The fear turns on itself like a small rabid animal, gnawing and attacking the hands that want only to help. Humans have come to fear themselves and to want to destroy their own species. We talk about preventing extinction, while advocating for the extinction of the human race. The feeling is so pervasive that I once had a conversation with an otherwise lovely, normal, caring woman, who happened to be my epidemiology professor, in which she advocated for the death and retardation of development in millions of people. Because if they lived, and were able to achieve their full, healthy potential, she truly believed that they would eat enough to lead to the fall of the Earth via resource depletion. The insidious evil behind this sort of belief is that the people advocating blindly for the mass deaths of humans they have never met is that they believe they personally should live. But not those other people – they should die, because we humans are killing the earth.
But don’t take my word for it. After all, I could be making this up, or indulging in hyperbole.
“…which means the only realistic solution is to reduce the number of humans on the planet.” (Jody McCutcheon, Eluxe Magazine)
“We are a plague on the Earth […] Either we limit our population growth, of the natural world will do it for us, and the natural world is doing it for us right now.” (David Attenborough, 2013)
“The human race is in a suicidal run to self-destruction.” (Paul Farrell, MarketWatch 2014)

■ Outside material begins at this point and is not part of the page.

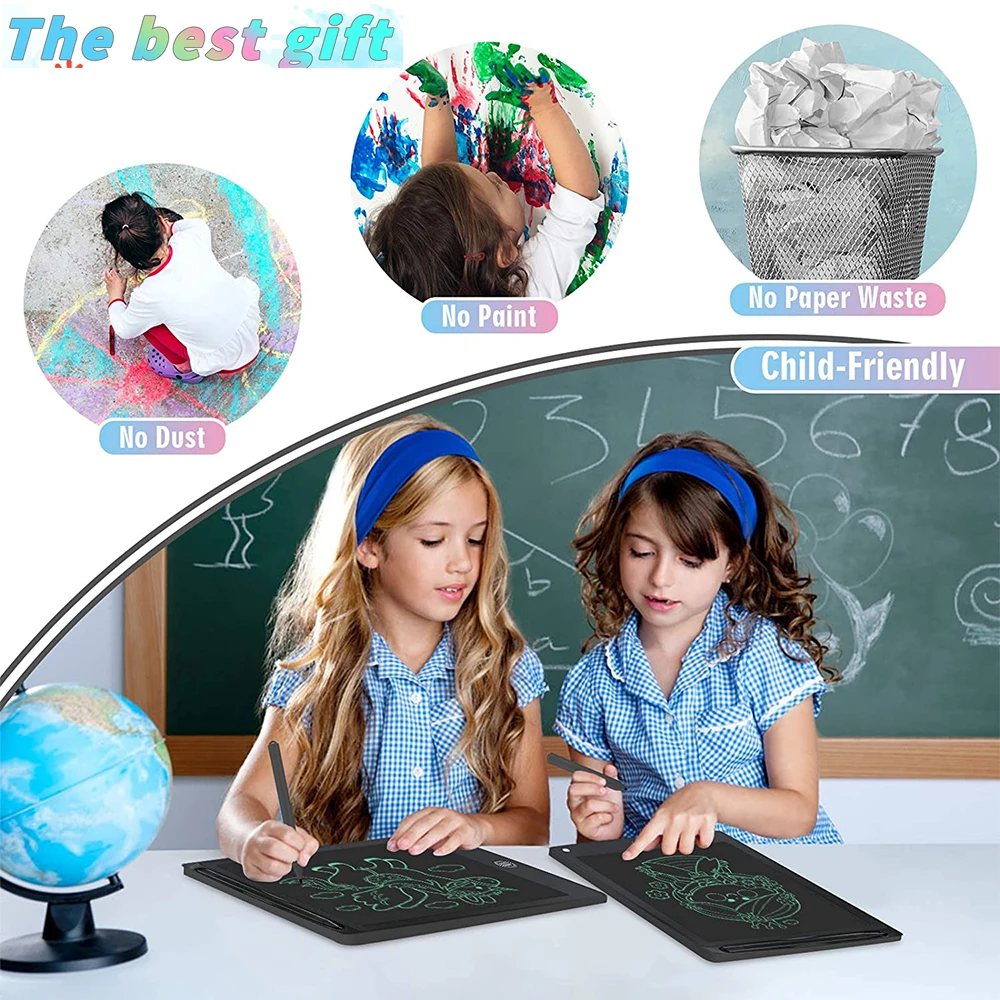 Планшет для рисования HEISIEM 12 дюймов с ЖК-дисплеем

“The truth is that the contribution of the individual cannot be reduced to zero. Only the lack of the individual can bring it down to nothing.” (Chris Rapley, 2006)
“There are already too many people on the planet…” (Holly Moeller, 2014)

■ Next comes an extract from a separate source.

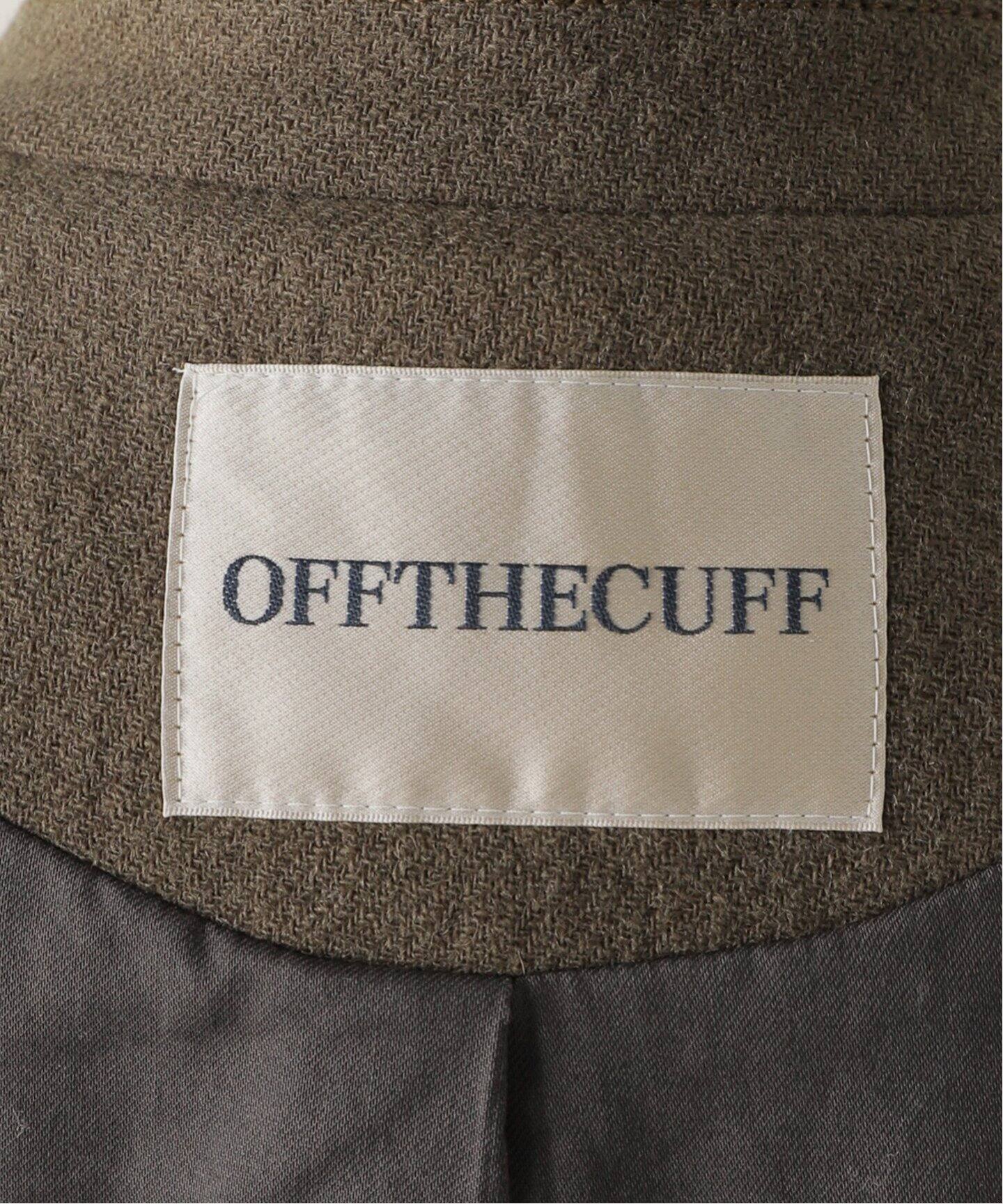 OFF THE CUFF/オフザカフ】BLUE/F BALCOLLAR COAT（ステンカラー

The fear of change, of progress, of the human race itself, mingles into a toxic mess that advocates for the suppression of the poor who, the elites fear, will overpopulate the earth and destroy it. From a position of great privilege, advocates lobby for the suppression of vaccines which spare millions from the threat of pestilence. They lobby for the elimination of pesticides that eliminate vermin destroying food crops, or parasites that directly affect humans. They decry the technology-driven development of genetically enhanced foods like golden rice, or Bt eggplant that can feed and nourish the poor in undeveloped countries. They spread the fear in mass media and suppress the development of industries that could alleviate some of the very problems they most fear.
So I find myself standing in the shadow of Mordor, wondering when this will change, when science can be free to question ‘settled’ doctrine, and when we can work on practical solutions that do not involve having the blood of innocents on our hands. Blind eyes do not want to see what technology has done for them, and what more it can do in the future. Blind eyes turn to the past and mourn something that never existed. Agricultural life, pastoral vistas, the Shire… it was no lost paradise. It was a short, hard life full of disease and ended sooner than it needed to. Human nature might be immutable, but the future is infinitely mutable if we set our minds to it.